Besides Brydon, Coogan's other (and more vexing) traveling companion — indeed, his most intimate relationship — is his enormous load of anxieties. He carries his wounded-diva narcissism on the surface, and the film's second half does turn the dial up on the underlying poignancy of Coogan's insecurities and mid-life/mid-career trepidations. As Coogan tries to favorably compare himself with Coleridge while on the poet's old turf, even he must see that any resemblance is just wishful thinking. When he beds comely hotel staff in between apprehensive phone calls to his (clearly moving on) girlfriend overseas, we sense that it's less to slake an old swaggering laddish hedonism than it is to prove to himself that his stalled celebrity image is still relevant to somebody somewhere. By the time he puts in a call to his young son to talk about arranging a visit, the plays toward sentiment and pathos feel appliquéd on rather than sincere and natural.

At around the half-way mark, as I began to realize that nothing much was happening here, the film gradually acquired a case of the same-old-same-olds with its nearly unwavering tone and pitch and some recapitulated laughs (such as redundant celebrity impressions). While foisting a story throughline or character arc onto such a freewheeling format would feel intrusive, this theatrical version of The Trip began to feel like what it is: an assemblage pared down from longer material that probably flowed better in six installments televised at weekly intervals.
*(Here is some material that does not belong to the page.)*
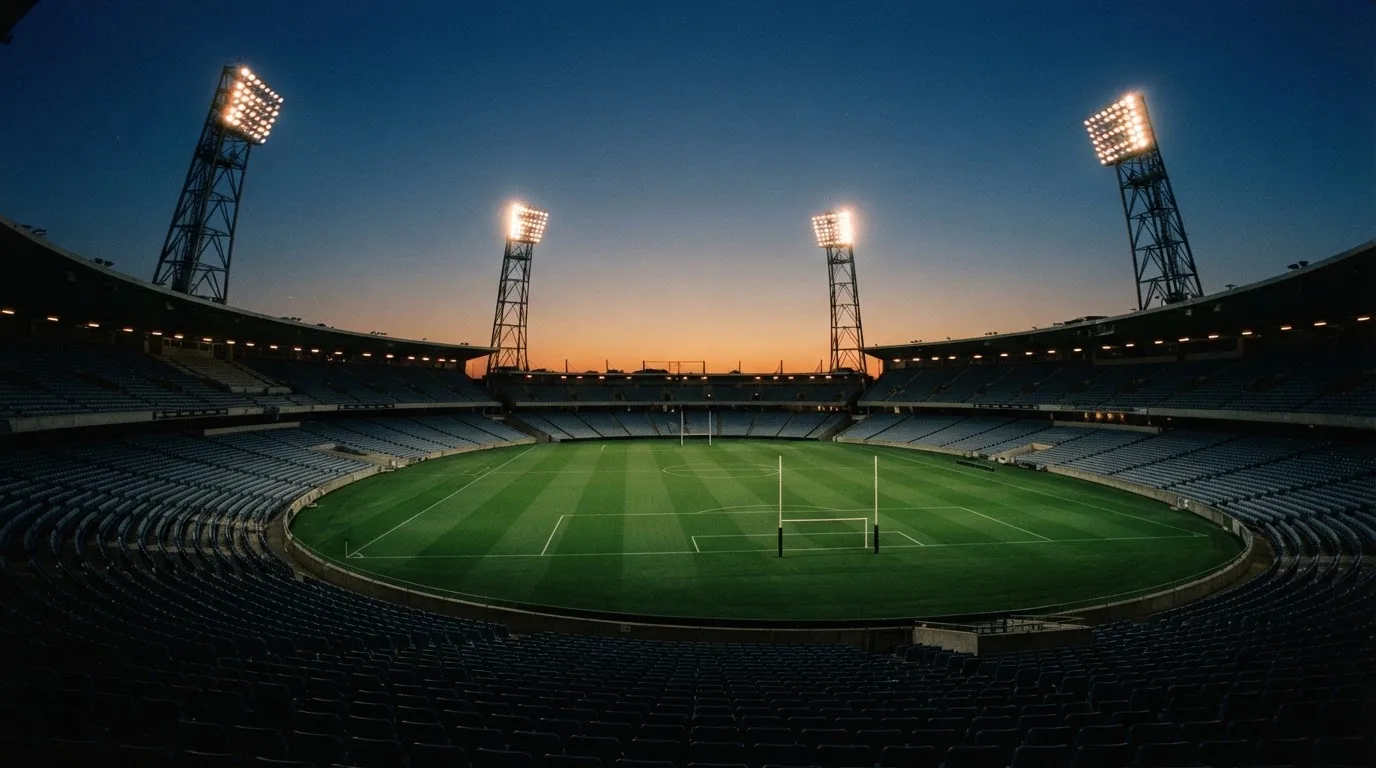 An empty football stadium with floodlight masts at dusk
Soon, though, I got over myself and began to enjoy the movie even more once I embraced the obvious fact that "the plot" isn't even close to The Trip's aim and purpose, and it's a relief that nobody along the way tried to tack-hammer one onto the daily production pages.

Instead, we get a fine, funny study of a friendship, two mates who need each other as counterweights, or maybe as reflective surfaces. Coogan, at least, has found in affable, satisfied Brydon a genuine friend willing to put up with his slings and arrows and tragedian woes. In Brydon, as opposed to his soon-to-be-ex girlfriend or the transitory dalliances along the way or his quote-bellowing fans, Coogan has a true companion willing to laugh with him in their little petty contests, who lets Coogan's drama-queen sensitivities and dissatisfactions roll off his own impervious happiness. Water, duck's back, and the duck's just fine with that.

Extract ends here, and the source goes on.